Could you transcribe all of the data exactly and skip any pictures?

━━━━━ Provided material ━━━━━

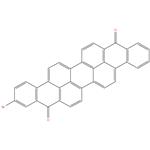 Vat violet 9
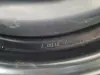 e6ddc025c701d65bec6412a4b8a156e2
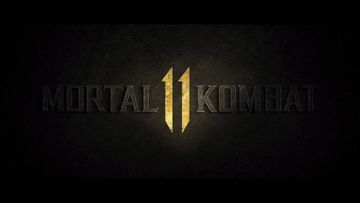 Mortal Kombat 11 reviewed by Just Push Start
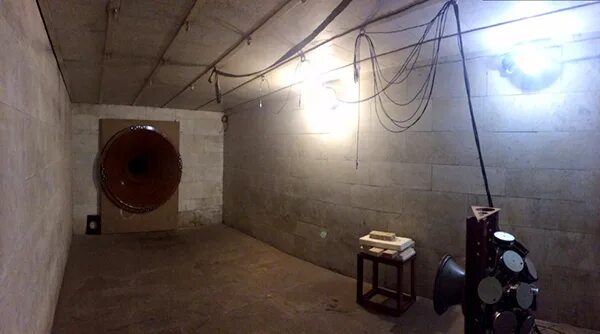 камеры шумен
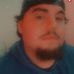 Aaron Case - Facebook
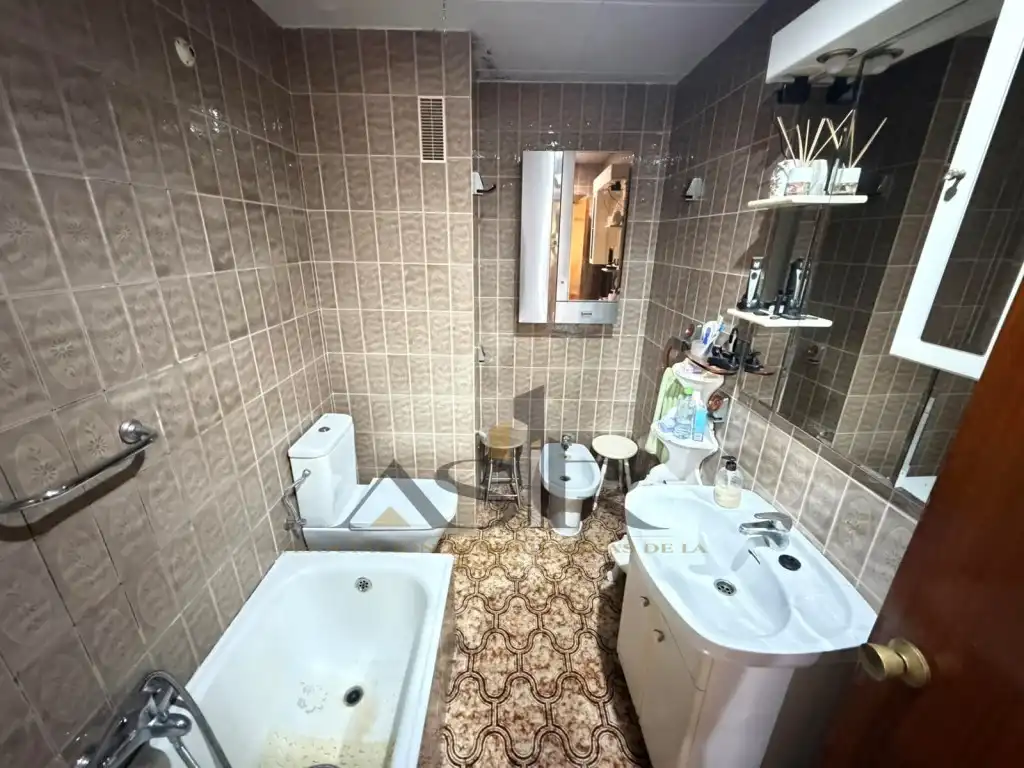 Attico in vendita a Calle Josep Maria Llopico, imagen 27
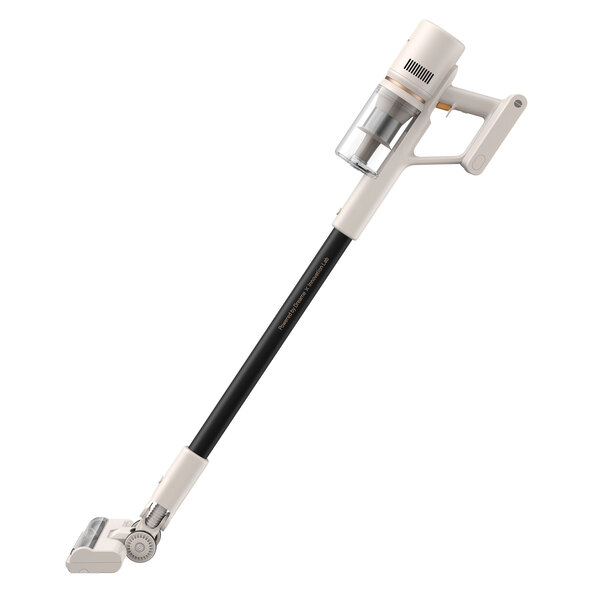 Aspirator U10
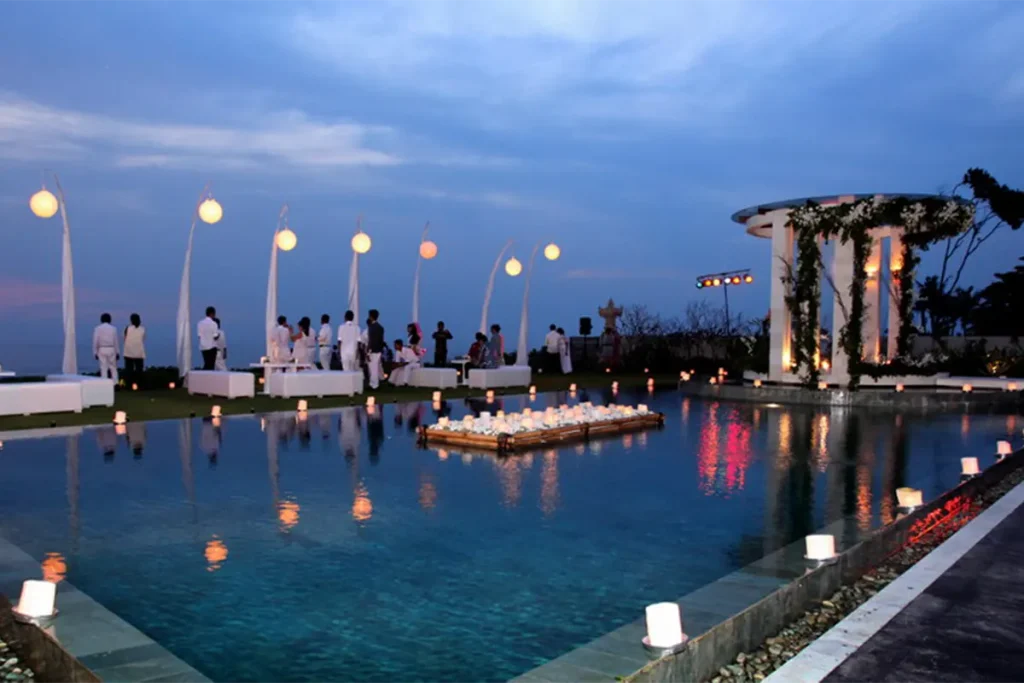 phalosa wedding venue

━━━━━

▶ _Exercise response_:
 Vat violet 9
 e6ddc025c701d65bec6412a4b8a156e2
 Mortal Kombat 11 reviewed by Just Push Start
 камеры шумен
 Aaron Case - Facebook
 Attico in vendita a Calle Josep Maria Llopico, imagen 27
 Aspirator U10
 phalosa wedding venue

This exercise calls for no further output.